Up next we’ve got the short “Anatomy of a Scene” TV Spot which provides some more behind the scenes details on some of the shooting. The next (and final) featurette is “Memories, Dreams And Addictions,” an interview of Requiem’s author and co-screenwriter Hubert Selby Jr. conducted by Ellen Burstyn. While having very little to do with the movie itself, the interview sheds a lot of light on the life of Selby and his reasons for righting Requiem.
Aside from the featurettes we have the pretty standard extras. Starting with the deleted scenes, which were excised for great reason, and are mostly not anything you’d watch again, except perhaps the outtake of Marlon Wayans doing his Jar Jar Binks impersonation, or the extended version of the Hubert Selby Jr.’s scene in the film. The optional commentary track for the deleted scenes provides us with Aronofsky’s opinions on the cuts. The theatrical trailers and TV spots are also included here, and were of great interest to me, as I’d never seen any of them before (or after) seeing the film. The cast and crew information provides just that – information. Short biographies and filmographies are provided for the principle cast.

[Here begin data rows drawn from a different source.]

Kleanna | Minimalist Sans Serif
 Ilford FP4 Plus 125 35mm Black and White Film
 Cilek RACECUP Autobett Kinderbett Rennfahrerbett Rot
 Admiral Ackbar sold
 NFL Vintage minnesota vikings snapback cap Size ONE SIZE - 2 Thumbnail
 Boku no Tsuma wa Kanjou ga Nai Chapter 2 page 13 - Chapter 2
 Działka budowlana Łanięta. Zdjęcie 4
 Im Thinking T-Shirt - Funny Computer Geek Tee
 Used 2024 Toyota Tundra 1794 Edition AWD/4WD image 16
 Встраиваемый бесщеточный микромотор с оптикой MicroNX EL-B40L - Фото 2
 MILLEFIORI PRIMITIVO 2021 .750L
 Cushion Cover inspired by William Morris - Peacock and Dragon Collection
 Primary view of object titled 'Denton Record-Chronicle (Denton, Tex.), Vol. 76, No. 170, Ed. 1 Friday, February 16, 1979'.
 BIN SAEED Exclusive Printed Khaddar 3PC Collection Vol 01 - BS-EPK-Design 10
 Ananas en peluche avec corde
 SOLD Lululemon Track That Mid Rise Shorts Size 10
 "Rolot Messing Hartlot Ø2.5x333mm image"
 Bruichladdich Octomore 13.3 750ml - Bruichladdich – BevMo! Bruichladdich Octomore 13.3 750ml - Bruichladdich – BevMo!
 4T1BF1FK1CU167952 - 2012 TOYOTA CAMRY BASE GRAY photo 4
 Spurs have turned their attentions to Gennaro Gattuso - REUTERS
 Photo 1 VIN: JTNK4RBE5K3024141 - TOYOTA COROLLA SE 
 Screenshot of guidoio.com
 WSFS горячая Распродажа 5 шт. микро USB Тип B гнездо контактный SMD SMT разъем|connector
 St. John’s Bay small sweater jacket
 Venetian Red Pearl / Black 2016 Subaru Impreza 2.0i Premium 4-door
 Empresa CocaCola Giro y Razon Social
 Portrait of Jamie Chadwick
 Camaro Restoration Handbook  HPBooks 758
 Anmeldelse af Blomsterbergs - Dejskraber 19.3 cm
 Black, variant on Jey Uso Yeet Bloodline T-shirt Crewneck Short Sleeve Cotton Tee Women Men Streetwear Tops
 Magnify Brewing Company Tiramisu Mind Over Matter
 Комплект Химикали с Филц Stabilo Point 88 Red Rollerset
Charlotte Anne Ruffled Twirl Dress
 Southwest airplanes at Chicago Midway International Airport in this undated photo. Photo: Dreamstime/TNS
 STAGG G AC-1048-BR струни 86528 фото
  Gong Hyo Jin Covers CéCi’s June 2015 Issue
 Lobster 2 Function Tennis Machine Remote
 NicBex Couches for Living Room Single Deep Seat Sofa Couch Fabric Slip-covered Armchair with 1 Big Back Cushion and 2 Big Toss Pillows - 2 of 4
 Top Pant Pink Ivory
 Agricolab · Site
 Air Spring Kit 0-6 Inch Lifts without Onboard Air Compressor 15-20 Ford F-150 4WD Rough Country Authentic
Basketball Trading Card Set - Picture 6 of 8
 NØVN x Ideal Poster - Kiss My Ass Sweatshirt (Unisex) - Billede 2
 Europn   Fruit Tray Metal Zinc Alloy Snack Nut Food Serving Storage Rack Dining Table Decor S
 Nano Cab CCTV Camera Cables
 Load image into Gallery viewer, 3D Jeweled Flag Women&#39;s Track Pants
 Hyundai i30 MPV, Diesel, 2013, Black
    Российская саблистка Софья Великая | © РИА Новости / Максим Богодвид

I’ve yet to watch the film with the second commentary track (Director of Photography Matthew Libatique), but found Aronofsky’s commentary to be quite insightful, if somewhat dry. Being as how it is hard for a single commentator to remain interesting for the length of a feature, I say Aronofsky has done a commendable job. This DVD is definitely worth checking out if you are even the slightest fan of cinema, if not for the movie than for Burstyn’s performance alone (She was robbed of the Oscar by Ms. Julia “can’t act” Roberts and her hype machine).